Ms Iveson, on behalf of the judicial authority, informed the court at the outset of her submissions that the response received by the Crown Prosecution Service on the evening before the hearing was that the judicial authority could not say where the appellant would be held because, as a matter of the separation of powers in Portugal, a different authority was responsible for that matter.
Analysis:
Mr Bailin QC, on behalf of the appellant, submitted that the judge erred because, although there is no pilot judgment by the ECtHR or the CJEU in relation to conditions in Lisbon Prison, the evidence before the judge showed that there are substantial grounds for believing there is a real risk that the conditions of detention there would breach ECHR article 3 so that the strong presumption that EU member states will abide by obligations under the ECHR is rebutted. He submitted that this court, which must also address the issue, also has the additional evidence in the earlier reports by the CPT and the Portuguese Ombudsman in his capacity as NPM.
It is argued on behalf of the appellant that the evidence shows that between 2012 and 2016 there were four visits by independent monitors which concluded that conditions in Lisbon Prison’s basement cells were such that they would be considered as amounting to inhuman and degrading treatment and that the cumulative effect of the four reports shows that there is, now, a real risk of treatment that breaches article 3 which suffices to rebut the presumption. Mr Bailin referred in particular to the fact that the recommendations either to close or substantially renovate the basement cells had not been heeded and that the steps which had been taken, by the provision of light bulbs, blankets and some painting, showed that there was no substantial difference from the conditions found by the CPT in their visits in 2012 and 2013.

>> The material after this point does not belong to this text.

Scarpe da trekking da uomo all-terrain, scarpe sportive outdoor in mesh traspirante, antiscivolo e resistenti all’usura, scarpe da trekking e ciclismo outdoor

Mr Bailin also relied on the contents of the report of the friendly settlement in the case of Eugen Bokar, one of the applicants in Bokar and Dragan v Portugal (Application Nos. 52909/15 and 56503/15), who had been detained in Lisbon Prison from 15 March 2012 until 2 July 2015 in conditions which Mr Bailin submitted were materially similar to those described by the CPT and the Portuguese Ombudsman. The settlement was made after the application had been declared admissible and it was therefore considered by the court under rule 62. Mr Bailin submitted that the settlement agreement is clear evidence that the Portuguese authorities have paid compensation rather than submit to judgment on whether the conditions under which Mr Bokar was detained in Lisbon Prison violated article 3 of the ECHR.
He also relied on the decisions of the Amsterdam District Court which initiated the Aranyosi procedure against Portugal with respect to Lisbon Prison and has postponed decisions upon requests for extradition pending additional information from the Portuguese authorities as to the prison in which the persons whose extradition were being sought would be held following their extradition.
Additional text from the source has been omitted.